The Elite: Buster Posey, Jonathan Lucroy, Devin Mesoraco, Evan Gattis
The Near-Elite: Yan Gomes, Salvador Perez
The Next-Best Things: Matt Wieters, Yadier Molina, Travis d'Arnaud, Brian McCann, Wilin Rosario
The Fallback Options: Russell Martin, Yasmani Grandal, Derek Norris
The Last Resorts: Miguel Montero, Wilson Ramos, Dioner Navarro, Mike Zunino, Kurt Suzuki, Jason Castro, Jarrod Saltalamacchia
The Leftovers: Chris Iannetta, John Jaso, Carlos Ruiz, Francisco Cervelli, Rene Rivera, Josmil Pinto, Tyler Flowers, Alex Avila, Robinson Chirinos
Yes, even with Carlos Santana and Joe Mauer losing catcher eligibility, the position still has its studs, thanks to Lucroy's reliability, Mesoraco's breakout and Gattis' expected breakout with his position change in Houston. (Enjoy the catcher eligibility while it lasts.)
After them, "exciting" isn't as much the word as "acceptable." It's a thin line between the second and third tiers, a measure of trustworthiness more than anything else. You should have a pretty good idea what Gomes and Perez will give you by now. Perez's batting average has had its highs and lows, but as much as you can count on any catcher, you can count on those two.
Wieters? Molina? Given their health issues, you can't say the same for them. Rosario makes the cut because he's probably the position's best power hitter after Gattis, but the Rockies keep making excuses not to give him regular at-bats and may wind up trading him, which wouldn't be the greatest development given his home-away splits.

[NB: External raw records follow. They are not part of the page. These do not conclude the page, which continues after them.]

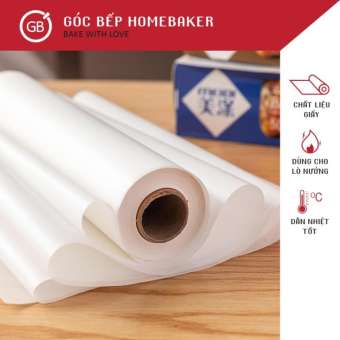 Giấy Nến Cuộn - Giấy Dầu Nướng Bánh _ Giấy Nến Tròn Lót Đáy Nướng Bông Lan GBPP005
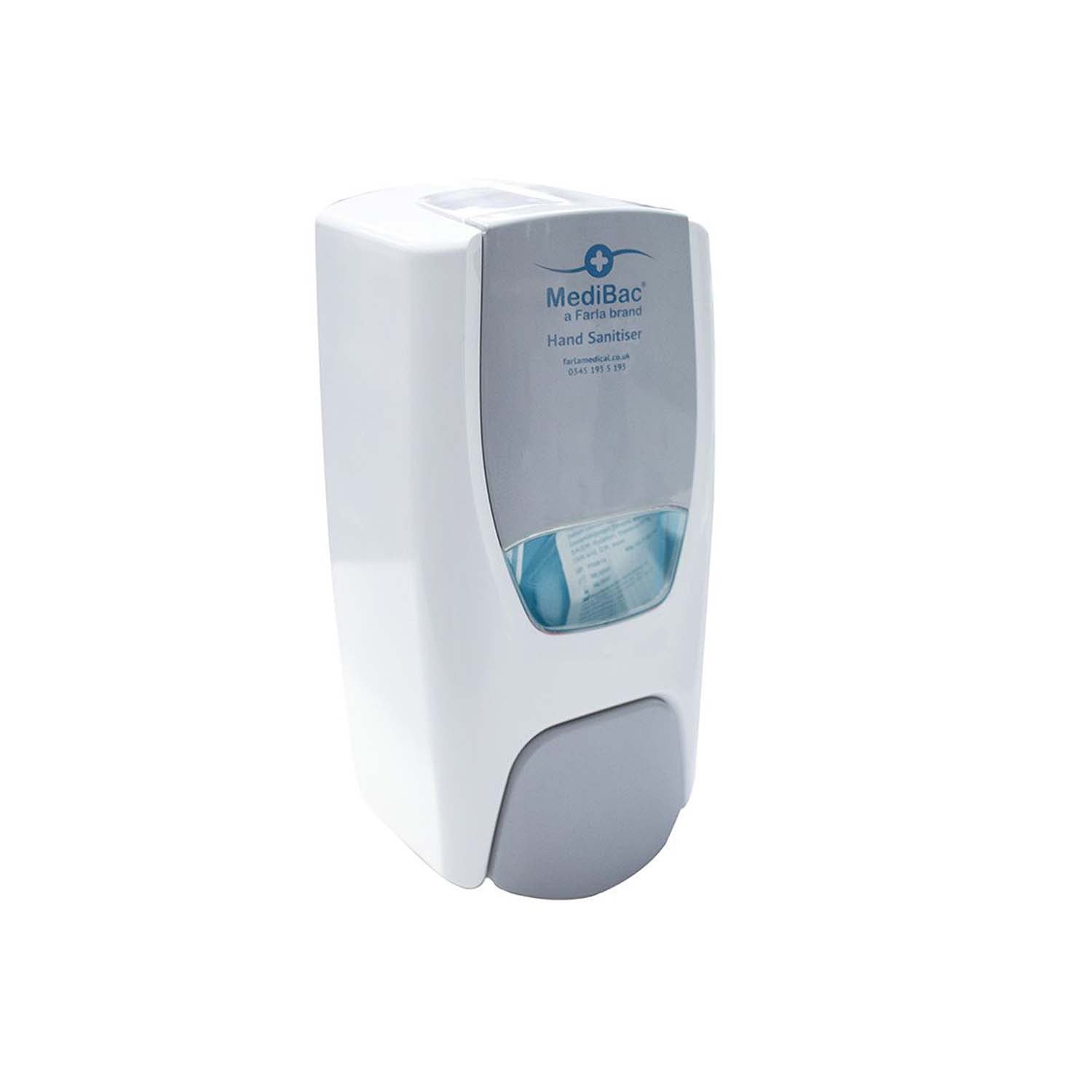 MediBac Dispenser | Manual | 1L | White (1)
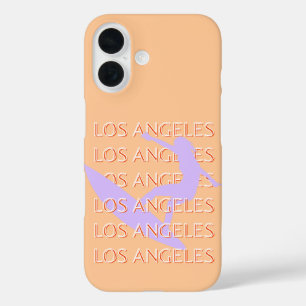 Los Angeles Travel Art, California, Travel Art iPhone 16 Case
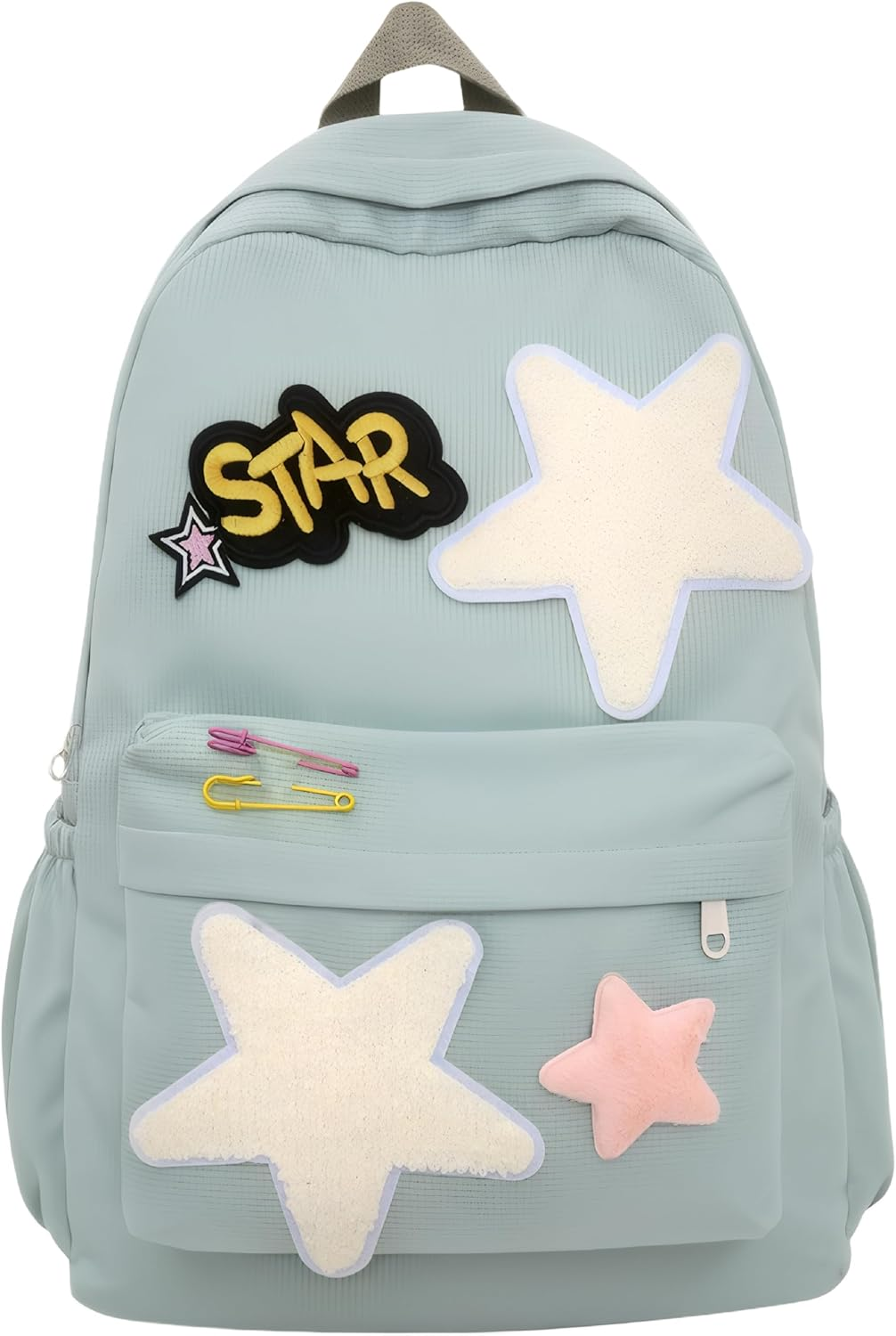 Lifelix Y2K Backpack Preppy Trendy Stars Aesthetic Bookbag Cute College Laptop Bag Casual Rave Daypack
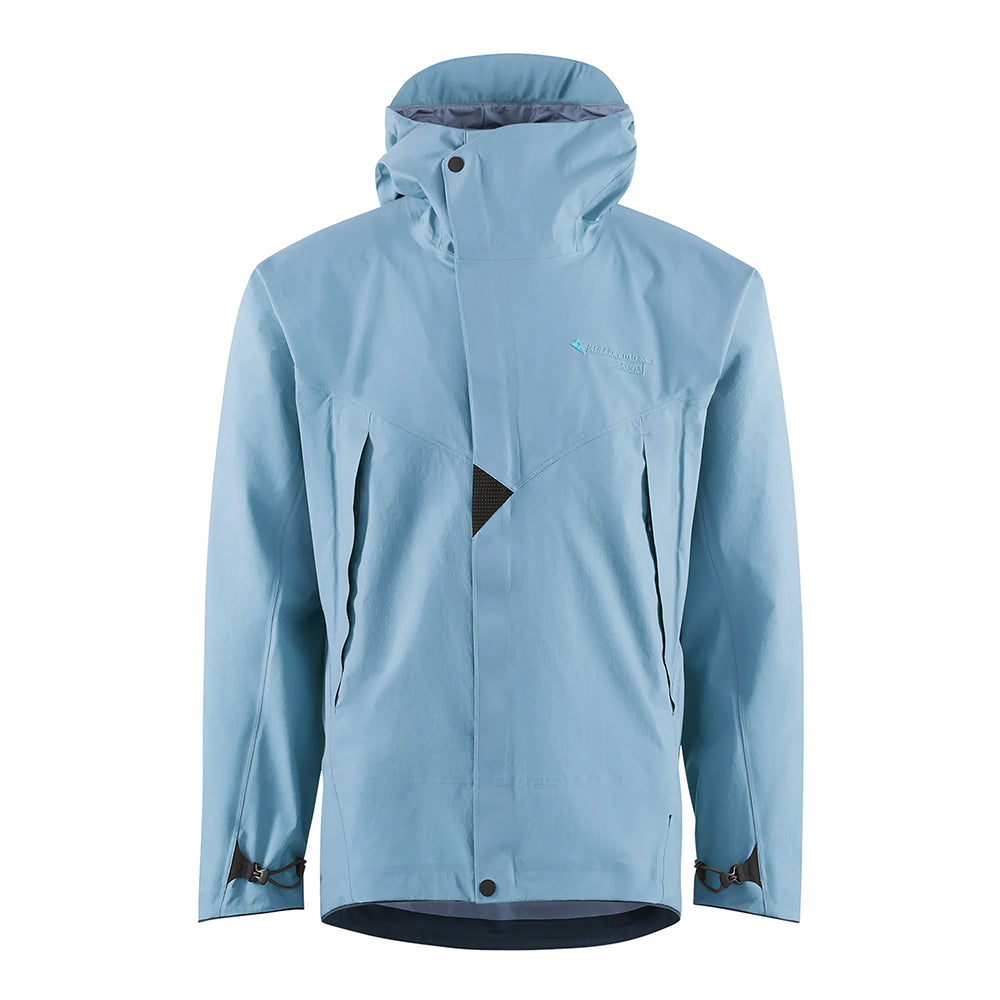 クレッタルムーセン アシーニャ ジャケット 男性用 KLATTERMUSEN Asynja Jacket MENS Blue Granit Lightweight Trekking Waterproof Jacket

Of course, any of them could be as good as Gomes and Perez, perhaps even better, if enough breaks go their way. McCann best demonstrates how thin the line between the tiers is. He clearly isn't as good as Perez, his batting average holding in the .230 range, yet he finished only about a dozen points behind him in standard Head-to-Head leagues last year. The gap between Perez and Posey, meanwhile, was about 100 points.
Maybe, then, catcher isn't a position where you should look to distinguish yourself. It's inherently risky with the beating these guys take, after all. If you happen to get one of The Elite, fine, but if not, waiting around for one of The Fallback Options isn't a terrible strategy, especially in a one-catcher league. That tier houses Nos. 12, 13 and 14 at the position, so in leagues with 12 teams or fewer, there's more than enough to go around.
Martin was actually one of the best catchers on a per-game basis last year but is deserving of skepticism because the batting average was so out of character. Still, he showed he's not necessarily confined to his tier, and Grandal and Norris are both at the right age for a breakout. They're not as trustworthy as the Molinas and McCanns of the world, but in terms of upside, they're not far off.
Where you'll really notice the lack of depth at the positon is in two-catcher leagues, where the need to roster 24 catchers (assuming a 12-team format) will force some owners to dip into The Leftovers at the position -- never a good sign.
There's always a chance Montero rebounds from a miserable second half, Zunino finally breaks out, or Ramos and Castro regain the power they showed two years ago, but you wouldn't want to stake your season on it. And beyond that, you're basically just hoping Pinto works himself into the Twins lineup or Jaso takes off as a DH. Both sound like Hail Marys to me.